С самого начала было очень интересно общаться с коллегами в учительской. Учительская – особый мир с непременным чаем и разговорами. Разговоры не бытовые. Болтаем, в основном, о студентах: перемываем косточки, потому что любим своих учеников. Так в поколении моих родителей-учителей даже дома шли вечные разговоры о школе. Но в семинарской учительской часто возникают и беседы на профессиональные темы или на темы текущей церковной жизни. Отец Владислав Цыпин, например, увлекательно говорит, кажется, о любом предмете. Речам наших эрудированных батюшек хочется внимать и внимать – яркие и знающие люди всегда безумно интересны. Появляется даже желание посидеть за партой. Понимают ли, ценят ли студенты, каких для них собрали учителей?
Почти весь женский коллектив семинарии – это преподаватели языков; общая атмосфера в нем не по-женски доброжелательная и дружеская: воюем с одними и теми же двоечниками, любим одних и тех же отличников, вместе обедаем «на женской половине» – в галерейке, примыкающей к студенческой столовой. С первых лет мы старались и большие церковные праздники встречать вместе. В те времена, когда к храму еще не была пристроена большая галерея, это требовало известного мужества: на Пасху и Рождество давка в храме была ужасная, часами приходилось стоять либо в чудовищной духоте (вдали от окон), либо на леденящем холоде (под окнами). Ах, на собственном опыте прочувствовали мы необходимость той реконструкции, которая была проделана впоследствии для расширения внутреннего пространства храма; жаль только старой колоколенки, исчезнувшей, как в сказке, в один миг. После ночной службы нас ждала родная учительская с мягкими диванами и немудрящим угощением, на огонек заходили студенты, до самого утра длилось сердечное общение праздничной ночи.

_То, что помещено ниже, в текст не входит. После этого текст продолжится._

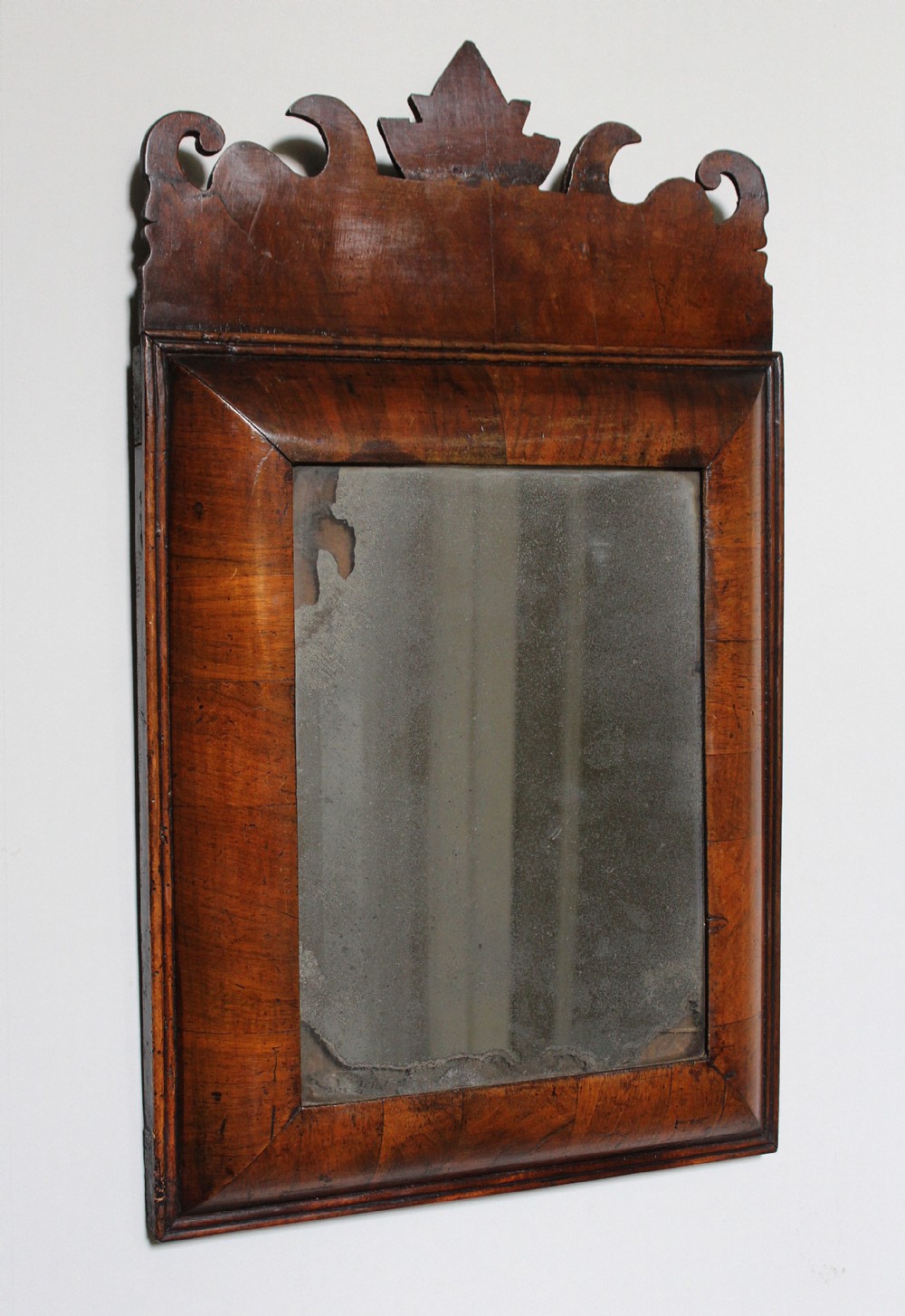 A George I Mahogany Cushion Framed Wall Mirror of small proportions, circa 1720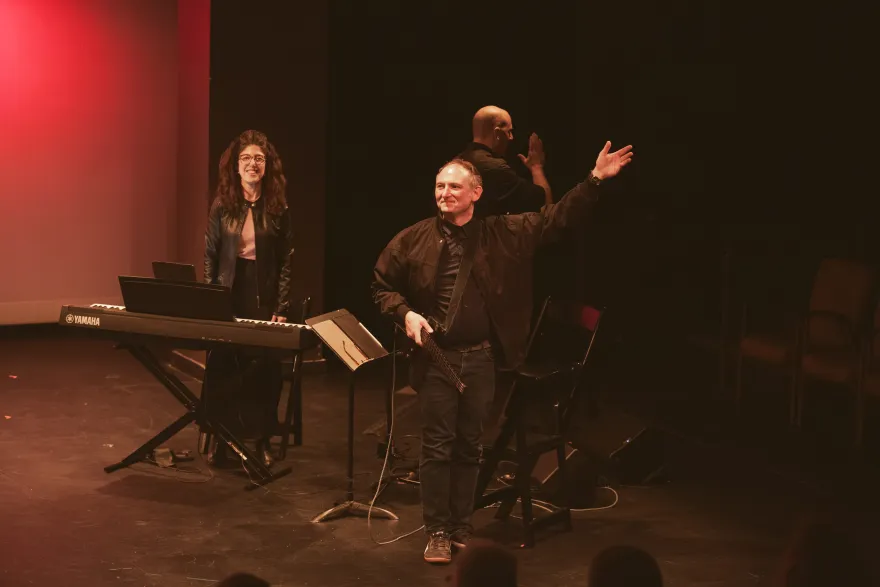 this is a photo of NHCC faculty, Gary Ruschman on stage, standing next to a piano player, with his arm out, almost as if bowing while being recognized by an enthusiastic audience.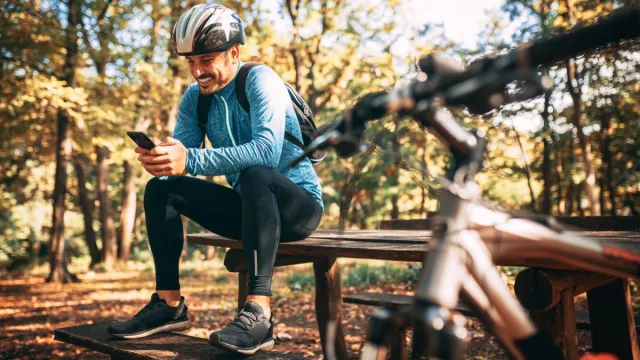 male cyclist sitting on a bench in the forest playing offline games on his phone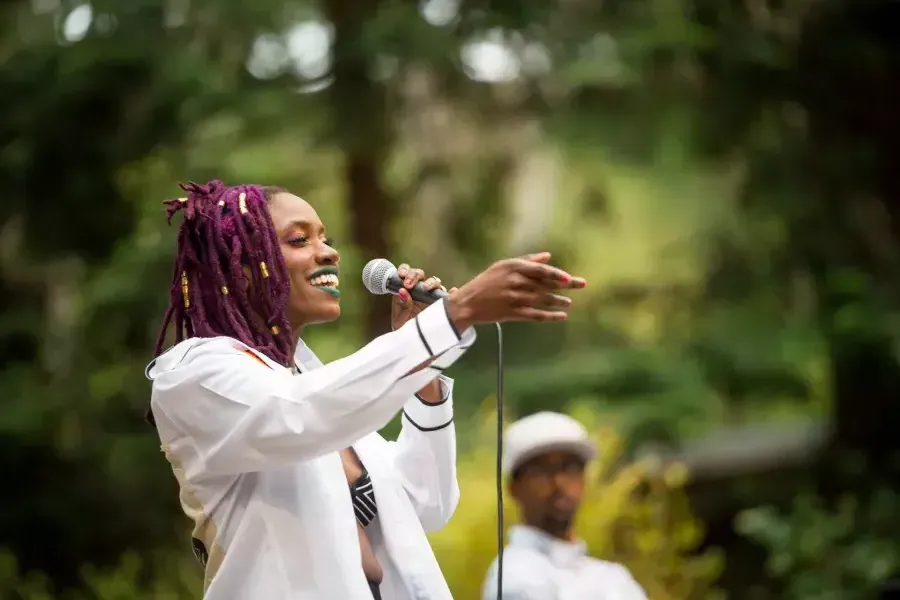 A woman sings at Stern Grove.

С первого года работы в Сретенской семинарии я начала потихоньку «перебегать» из «своего» сокольнического храма в Сретенский монастырь, от Иверской иконы к Владимирской. Сретенский храм становился все более родным – наверно, потому, что связан с любимым местом работы, но притягивало и само древнее, святое пространство храма, становившееся «обжитым» и привычным. Как прекрасно, что прямо в центре огромного грязноватого города вдруг возникает белая стена с приветливыми вратами; за волшебным порогом – райский садик отца Аркадия, обещающий мир чистоты, гармонии и порядка. Кто говорит, что русский народ неряшлив? На церковных дворах всегда идеальный порядок.
Вот уже десять лет, год за годом юноши переступают порог Сретенской обители, чтобы умудряться здесь в учебе, трудах и на церковных службах. Монастырь и семинария – пятачок надежды на будущее в городе-Молохе.